Monday, December 7, 2015

KENDALIKANLAH NAFSU AGAR SUKSES

BERHENTI MEROKOK KETIKA NYAMAN MEROKOK, KEMBALI MEROKOK KETIKA NYAMAN BERHENTI MEROKOK

Saya ada seorang teman sekarang ia menjadi kaya raya, bisnis toko materialnya dan aset tanahnya sekarang meluas. Padahal dulu ia memulai usaha hanya dengan Rp 65.000,00 pemberian modal dari ibunya. Hingga sekarang usahanya tidak tersentuh bank sedikitpun. Dengan 65 ribu ia memulai dagang jualan jajanan anak kepada santri madrasah diniyah sendiri karena ia seorang ustadz. Dan sekarang madinnya pun berkembang pesat.

Saya pribadi tidak mengamalkan apa yang menjadi resep ia berhasil dalam dagang dan dakwah, tetapi kali ini saya share untuk Anda, siapa tahu menginspirasi.

Ketika saya tanya bagaimana kok semaju ini usahanya, laku apa yang Anda lakukan? Jawabnya, "Di samping bekerja di atas rata-rata umum, aku berhenti merokok ketika aku sudah merasakan kecanduan rokok. Dan aku merokok kembali ketika aku sudah berhasil berhenti rokok. Ini laku prihatinku." Aneh?

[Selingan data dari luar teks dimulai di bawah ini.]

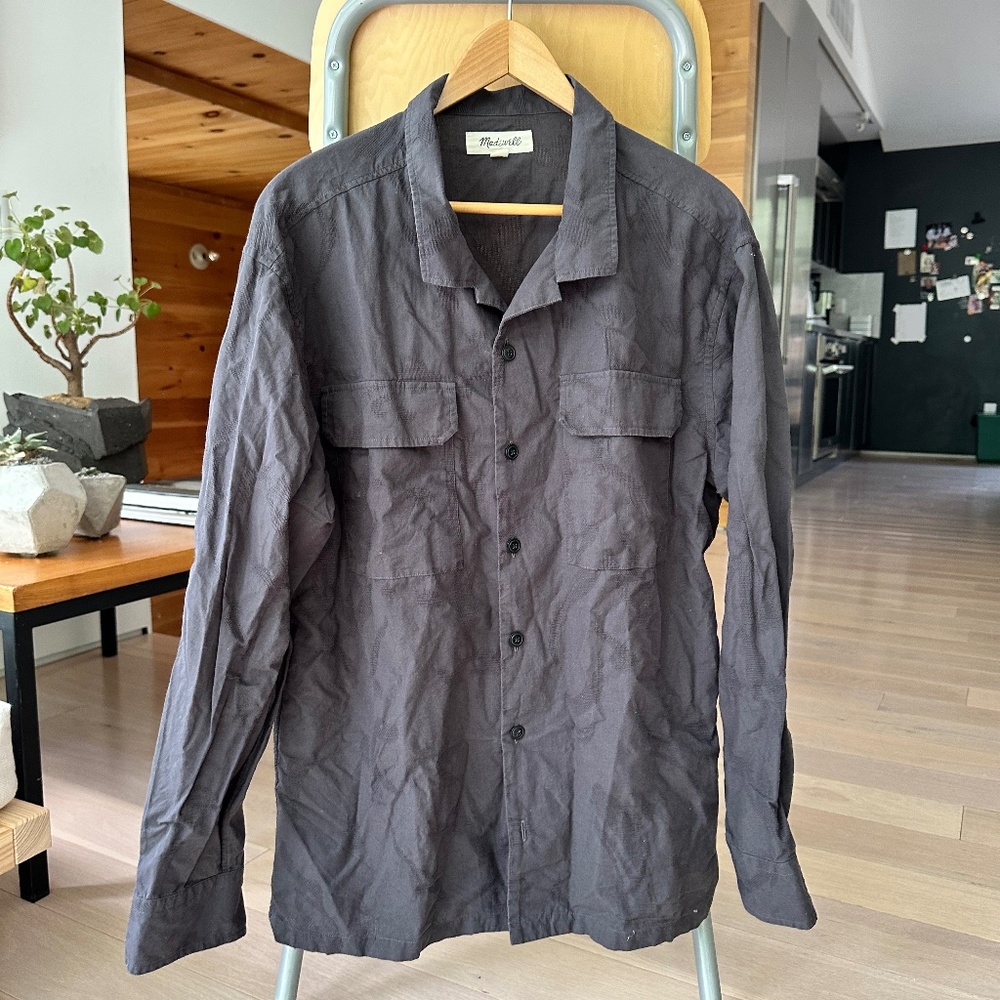 Madewell Men's x  Shirt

Rasa yakni cita-cita dan keinginan Anda adalah doa. Seperti yang pernah saya sampaikan, bahwa doa ketika getaran kepentingan nafsunya lebih besar dari getaran kemurnian hatinya, maka doa yang terpancar ke sisi-Nya adalah nafsu. Ketika nafsu yang bergetar kepada-Nya, tentu doa tidak terangkat. Maka ini, ketika Anda mencari dompet yang keselip di kamar justru tidak ketemu-ketemu, setelah Anda lupa justru dompet ketemu. Ini karena ketika Anda ngoyo mencari dompet, getaran nafsu yang justru terpancar kepada-Nya, bukan kemurniaan hati. Ketika Anda sudah rileks tidak mencari-cari dompet, hati Anda rileks kembali, sehingga doa makbul, dompet ketemu.

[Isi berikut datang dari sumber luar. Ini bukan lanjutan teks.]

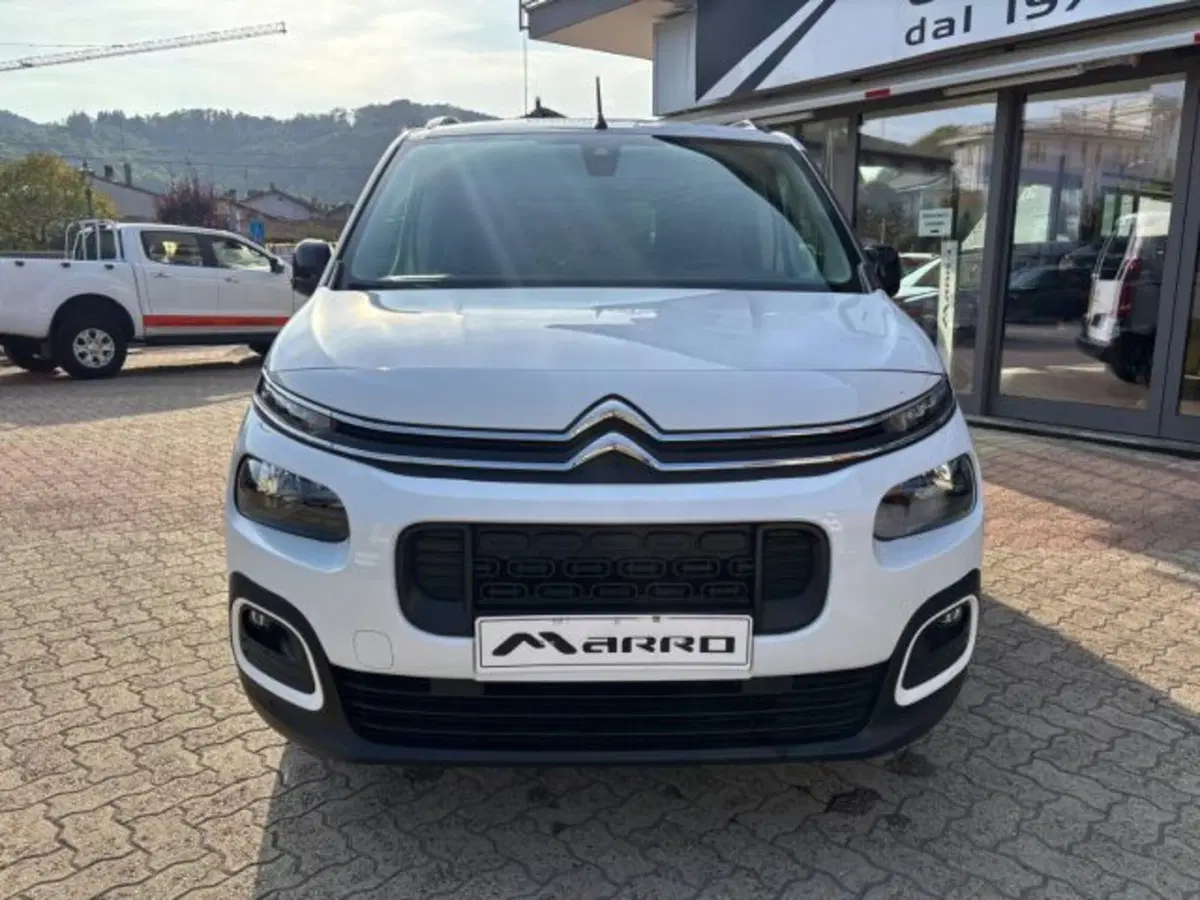 Citroen Berlingo usata a Cuneo (3)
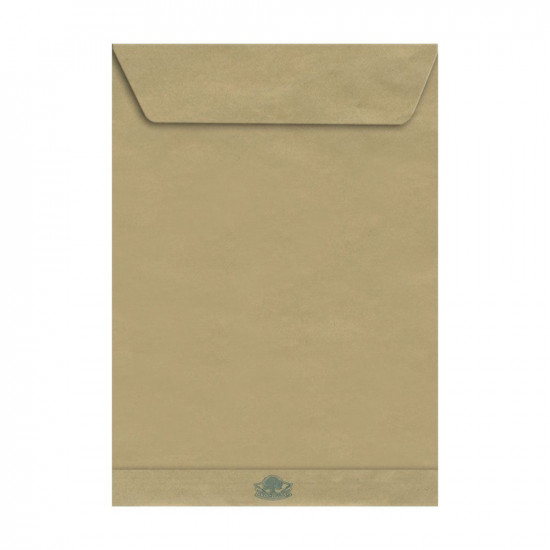 Typotrust Σακούλα Kraft Αυτοκόλλητη 320x420 (3048) (TYP3048)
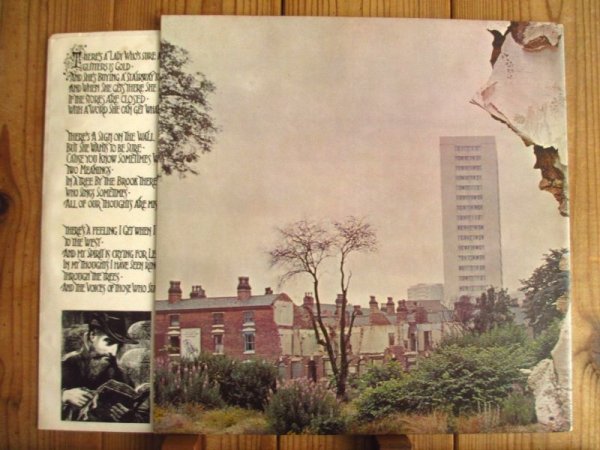 画像3: Led Zeppelin / IV (3)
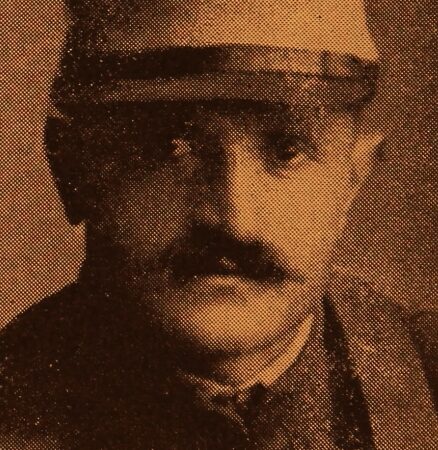 Armenian Legionnaire Nigoros Derderian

Ketika Anda sudah merasa enak dengan candu rokok, merasa nyaman, nafsu mengiyakan apa yang Anda rasakan. Ketika Anda merasa nyaman dengan puasa, tahajud, sedekah dan sebagainya, ink nafsu tanpa Anda sadari mengiyakan, karena nafsu sudah nyaman di sana. Akhirnya, Anda yang sudah matian-matian berjuang menaklukan nafsu, justru terjebak dalam kubang yang sama.

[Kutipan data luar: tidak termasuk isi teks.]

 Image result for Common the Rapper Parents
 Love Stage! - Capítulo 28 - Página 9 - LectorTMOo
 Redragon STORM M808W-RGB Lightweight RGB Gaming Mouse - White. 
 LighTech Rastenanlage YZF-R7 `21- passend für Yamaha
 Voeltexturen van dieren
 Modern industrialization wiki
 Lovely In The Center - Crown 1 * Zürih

Teman saya, ketika sudah nyaman berhenti merokok, nafsu sudah menyetujui, dan sebaliknya ketika teman saya sudah nyaman merokok juga nafsu sudah menyetujui. Ketika segala prilaku Anda sudah disetujui oleh nafsu, ya itu sudah jadi nafsu. Sehingga teman saya memilih berhenti rokok kalau sudah nyaman merokok, merokok kembali kalau sudah nyaman berhenti merokok.

Dengan trik ini, maka rasa yang mengelola doa Anda steril dari nafsu, sehingga kemurnian hati yang terpanjat kepada-Nya dari rasa hati Anda.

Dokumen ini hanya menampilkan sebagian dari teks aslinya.